In perhaps the most iconic picture during his trip to Korea, U.S. President Donald Trump was photographed embracing a victim of Japan’s wartime sexual slavery during the state banquet with President Moon Jae-in on Tuesday.
Lee Yong-soo, an 89-year-old Korean survivor, was invited to the dinner banquet hosted at the Blue House to mark Trump’s two-day state visit, attended by over 100 people from the two countries, including leaders of Korea’s military, business, academic, cultural and sports communities. Lee had a brief encounter with the U.S. president, smiling up at Trump as he gave her a hug, with Moon watching from the side.
Lee has been a longtime activist who has spread global awareness of the plight of so-called comfort women – young women and girls, many of them Korean, who were forced into sexual slavery by the Imperial Japanese Army before and during World War II and made to serve in military brothels throughout Asia.
In 2007, Lee was among three comfort women who testified in front of the U.S. Congress, which led to the unanimous passing of House Resolution 121 later that year, urging the Japanese government to acknowledge and officially apologize for forcing women into sexual slavery.
A photograph of the moment was shared on the Blue House’s Facebook account with a series of pictures from Trump’s visit, along with the comment, “At the state dinner, the two leaders greeted each and every guest that entered the banquet floor.

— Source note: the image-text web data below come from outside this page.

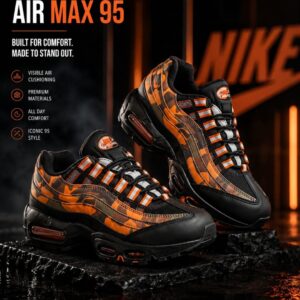 luxury sports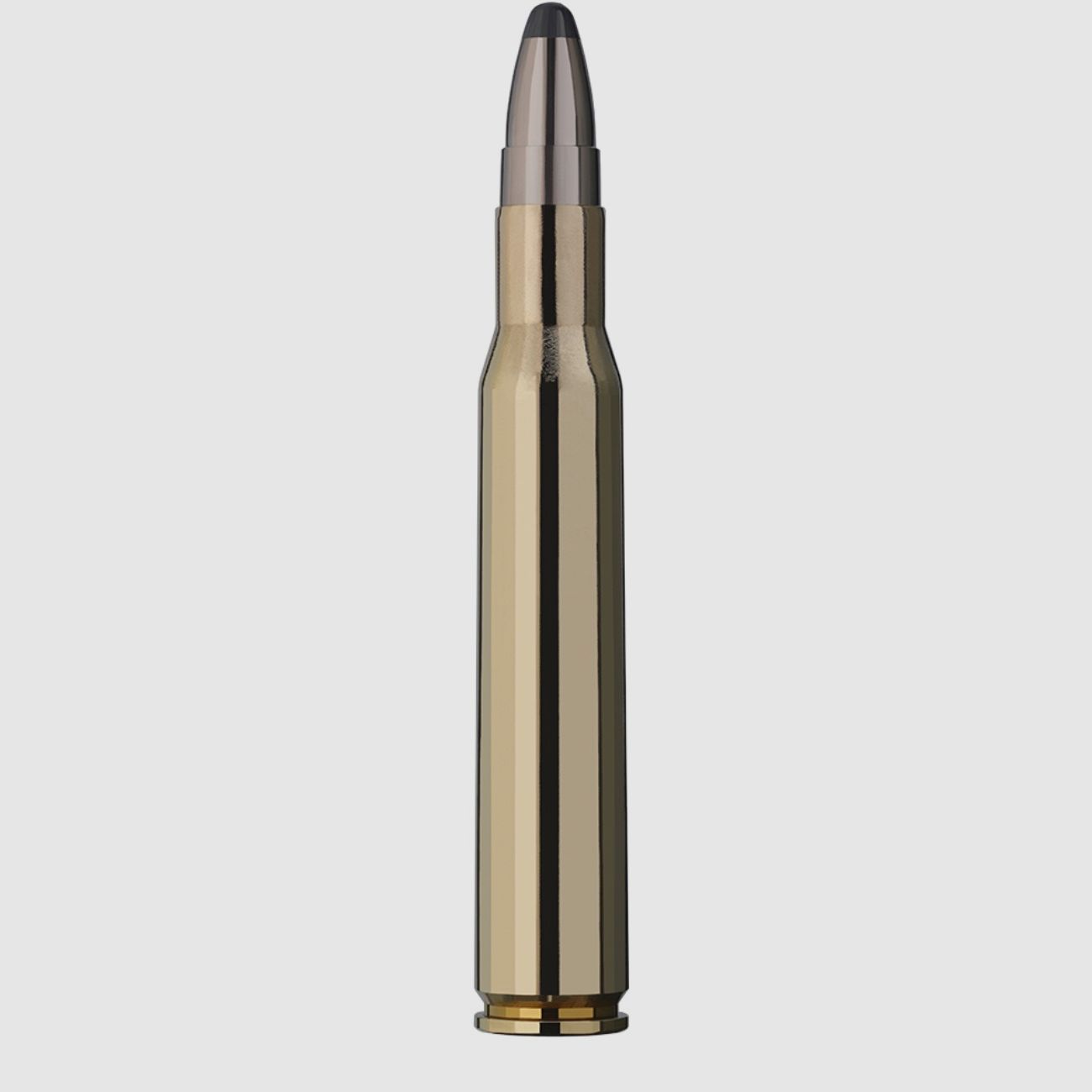 RWS 2117797 .30-06 ID Classic 9,7g/150grs. Munizioni per armi lunghe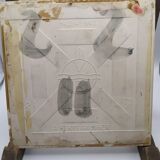 Vallauris Tiles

President Trump is seen embracing grandmother Lee Yong-soo, the real-life protagonist of the film ‘I Can Speak.’”
The acclaimed 2017 Korean film starts off as a light comedy but quickly delves into the protagonist’s past as a wartime sex slave and her motivation to study English.
The dinner also served shrimp from Korea’s Dokdo islets in the East Sea, known as Takeshima in Japan. Sankei Shimbun said Korea is “throwing cold water on the close ties between the U.S. and Japan” by stirring up issues between Korea and Japan to get closer with the United States.
Japanese officials expressed confusion and frustration over the decision to reference such a sensitive issue at a time when trilateral relations are so crucial to regional security, Kyodo News Agency reported.
“I wonder about that,” Japanese Chief Cabinet Secretary Yoshihide Suga said about the use of the shrimp. “At a time when stronger coordination between Japan, the United States and South Korea is required to deal with the North Korea issue, there is a need to avoid making moves that could negatively affect close coordination” between Seoul, Tokyo and Washington.
Suga also said Tokyo will continue to appeal to Seoul to steadily implement the Dec. 28, 2015, deal between Korea and Japan to resolve the comfort women issue, which included an apology by the Japanese government and a payment of 1 billion yen ($8.79 million) for the victims.
But some survivors and civic organizations have not accepted the agreement, claiming Japan needs to take clearer legal responsibility and offer more formal reparations.
Lee, a Daegu native, has said she was taken by Japanese soldiers as a teenager in 1944 and forced to serve as a sex slave at a Japanese army unit in Taiwan. She has also been an ardent participant in the weekly Wednesday demonstrations for comfort women victims, held in front of the Japanese Embassy in central Seoul.